I nodded slowly. I guess this is where my vampire survival traits of being super good looking helped to ensure that I could get any guy I needed, so I could do something crazy like drink his blood.
Finally, I got up and forced some food down and texted Kyson. What on earth was I to say to him? Force myself to see him? Choose to drink his blood? How could I…
I settled on an apology text for ignoring him yesterday and made plans to see him later. Pressing that send button was one of the hardest things to do. It was being someone I wasn't. At least, once I saw him, my instincts would kick in, and his blood would at least erase the pain. It was way too ironic.
Bringing the pocketknife my dad had gotten me, I waited outside for Kyson to come pick me up. The words of my aunt echoed back to me: "Your dad just wants you to have a long happy life."
A happy life with Kyson? His drug would make me feel happy, but it would always be something fake. It was being with Donavon that would have made me truly happy. My tears were depleted from yesterday, so nothing was left but numb emotions.
A car finally pulled up, but it wasn't Kyson's. My heart froze as I saw Donavon step out and walk slowly to me. There was a sorrowful, yet caring mix in his eyes.
"I believe you," he said. "I talked to your dad. He told me everything. I'm sorry how I treated you last night."
"So you know that I can't be with you." My words came out as a stab to my own gut.
His eyes darted around and then finally back to mine.
Ignoring my statement, he spoke softly, "Well, I understand everything now. The mystery that I was going after. And why your mom was never there for you." I remained silent, for there was nothing to say, but he went on. "You know your dad was really worried about you when I told him everything. He doesn't want to lose you as well."

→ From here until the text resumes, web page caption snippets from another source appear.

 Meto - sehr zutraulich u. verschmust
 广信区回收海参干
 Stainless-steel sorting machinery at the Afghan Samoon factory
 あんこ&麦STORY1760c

He slowly gripped the top of his hair while taking a deep breath. The arch in his eyebrows spoke deep grief. Part of me was relieved that he understood what happened and that I wasn't ditching him for Kyson, but part of it also made it harder. This might be the last time I ever see him in my right mind. I knew with time it would only get worse. Fiercer than ever, I longed to rush into his arms. But I couldn't…

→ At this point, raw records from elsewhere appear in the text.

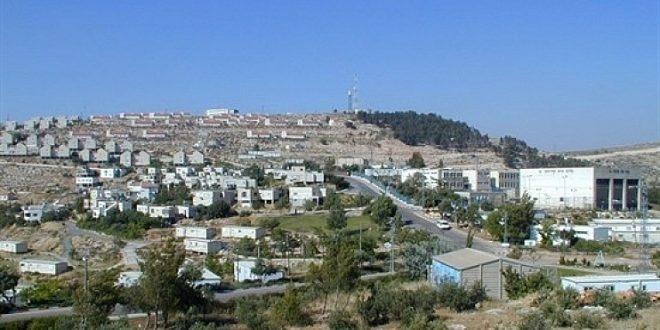 مستوطنون يشرعون بإقامة بؤرة استيطانية شرق المغير في رام الله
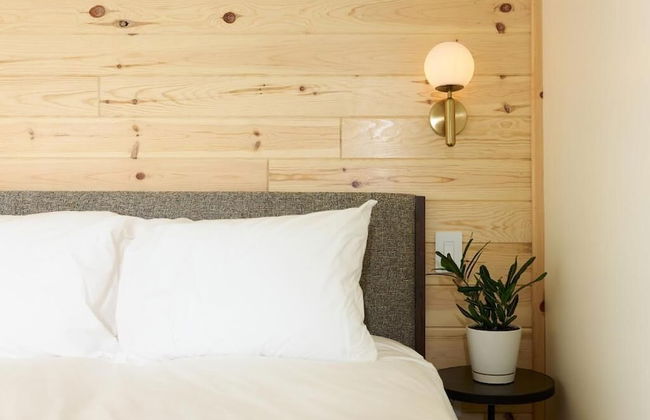 The Rex Hotel - Foto 1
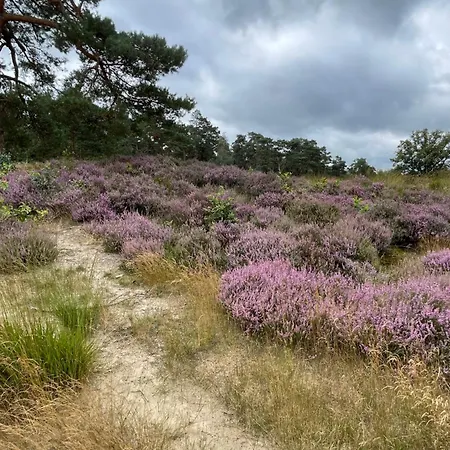 De Wilde Hoek Bed & Breakfast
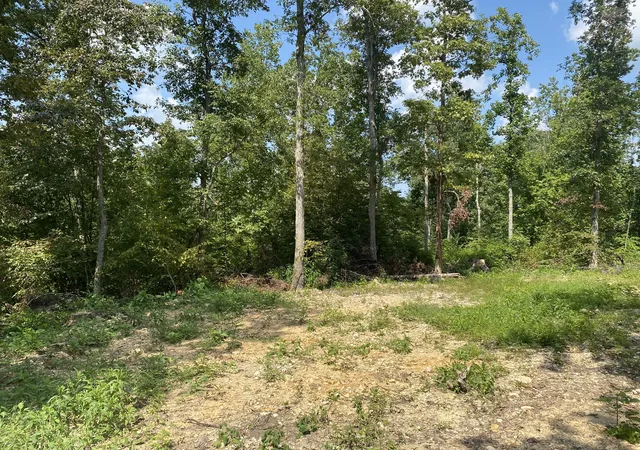 13th image of 401 Napier Rd, Hohenwald, TN 38462 | MLS# 3259889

The paralyzed silence grew stronger until another car pulled up. My heart collapsed even deeper. Donavon took a few steps aside as Kyson walked to us.
"And what's going on here? Dude, she's mine."
"I know," was all Donavon said back.
Starting to walk away, he glanced at me one last time with a nod as if to give approval. Kyson pulled me in close to himself and started to kiss my neck. Helplessly, I stood as I watched Donavon pull away.
How was a shattered heart supposed to keep beating?